§ **Saved entries**
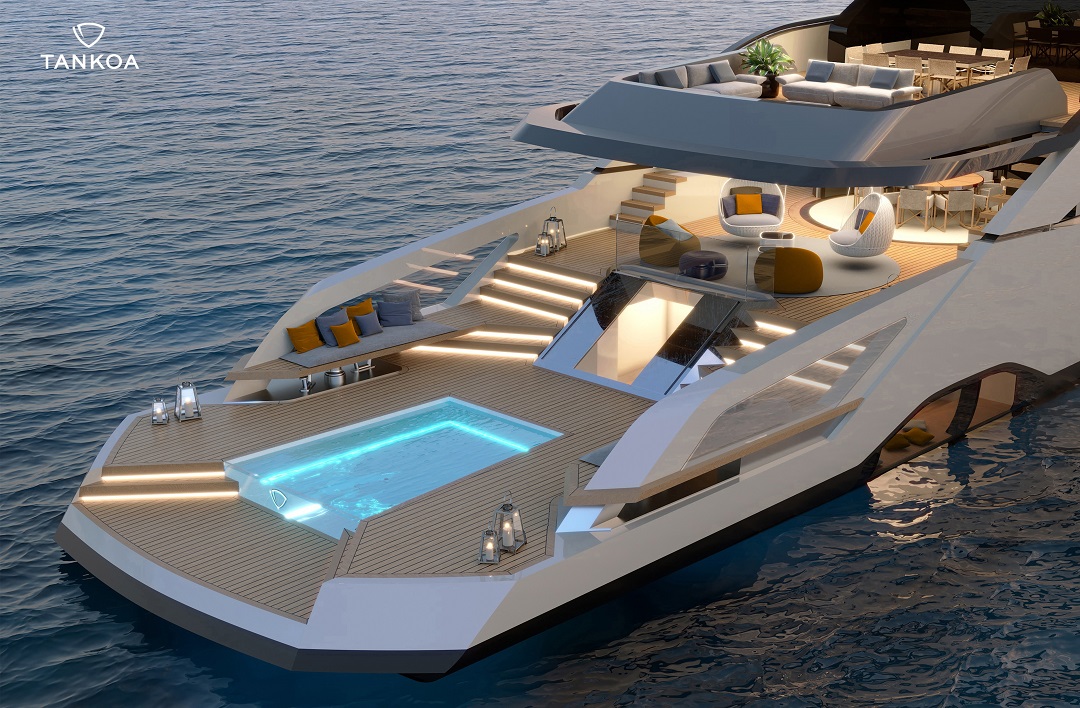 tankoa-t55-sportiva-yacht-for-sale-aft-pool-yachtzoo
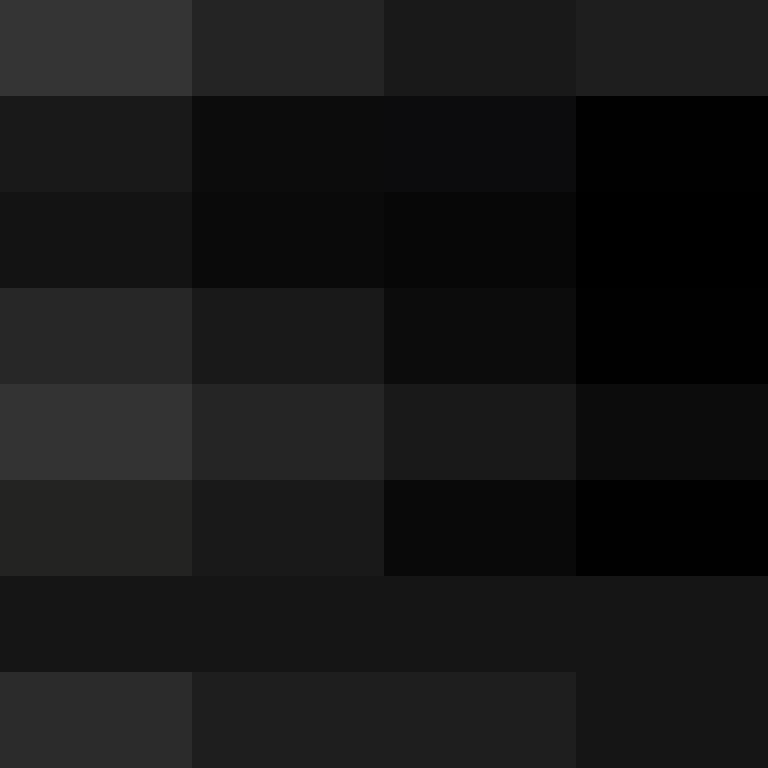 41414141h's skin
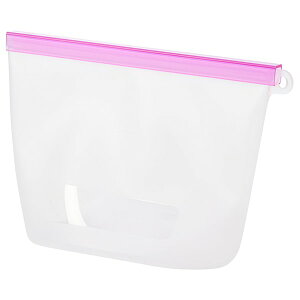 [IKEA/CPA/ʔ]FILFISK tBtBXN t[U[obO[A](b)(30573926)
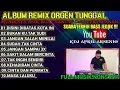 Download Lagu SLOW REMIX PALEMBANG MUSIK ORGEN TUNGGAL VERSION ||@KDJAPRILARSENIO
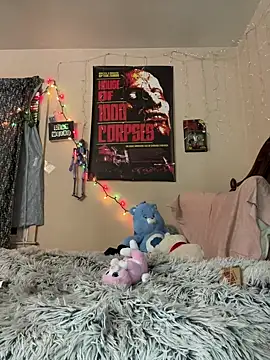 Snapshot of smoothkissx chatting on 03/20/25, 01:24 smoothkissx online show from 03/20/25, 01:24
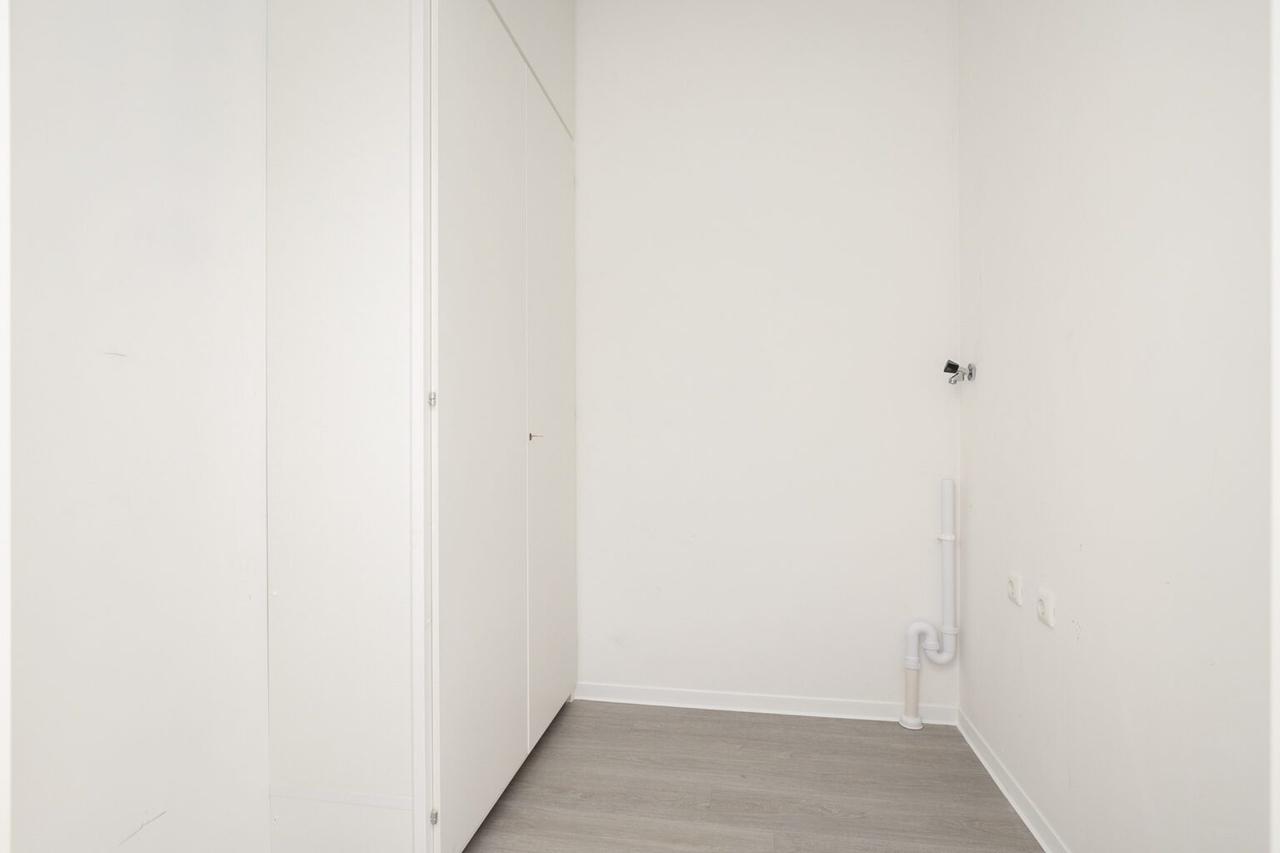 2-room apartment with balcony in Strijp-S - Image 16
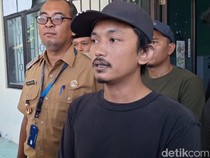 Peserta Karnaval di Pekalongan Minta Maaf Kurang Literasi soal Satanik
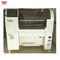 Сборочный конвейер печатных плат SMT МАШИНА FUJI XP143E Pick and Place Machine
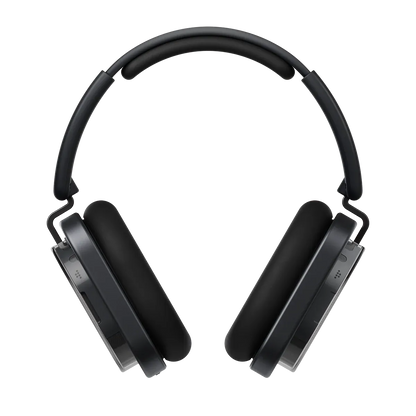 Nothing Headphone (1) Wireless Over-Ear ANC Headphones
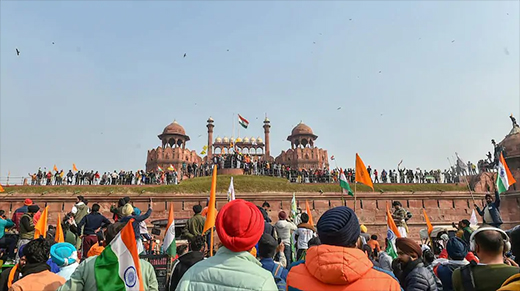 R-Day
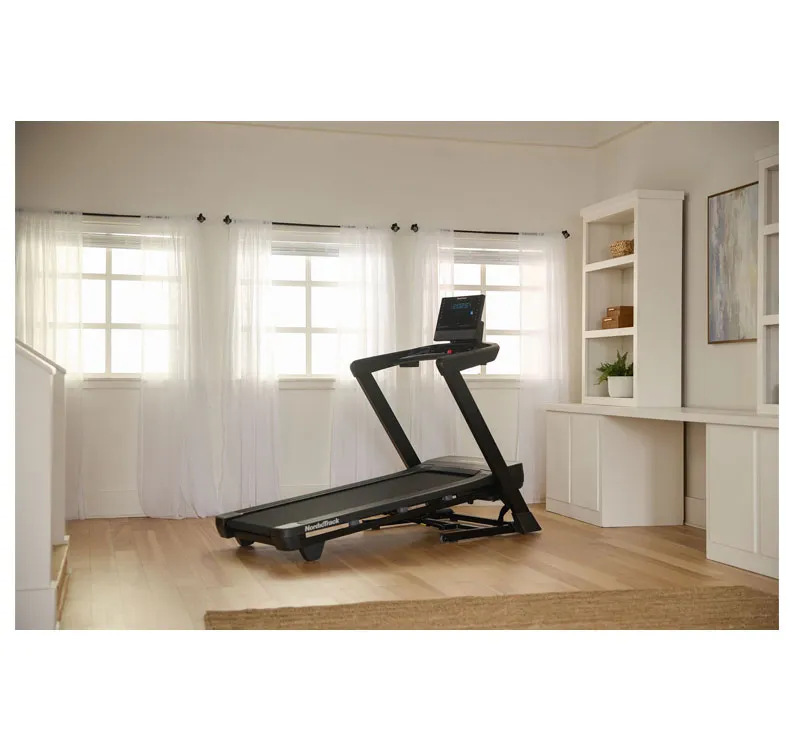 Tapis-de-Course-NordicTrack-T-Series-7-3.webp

§ **DIRECTIONS FOR THIS TASK**
What is needed is an exact repetition of every line from the line with "Сборочный конвейер печатных" to the end of the data above, both ends included, with no pictures.

§ **EXERCISE RESPONSE**
 Сборочный конвейер печатных плат SMT МАШИНА FUJI XP143E Pick and Place Machine
 Nothing Headphone (1) Wireless Over-Ear ANC Headphones
 R-Day
 Tapis-de-Course-NordicTrack-T-Series-7-3.webp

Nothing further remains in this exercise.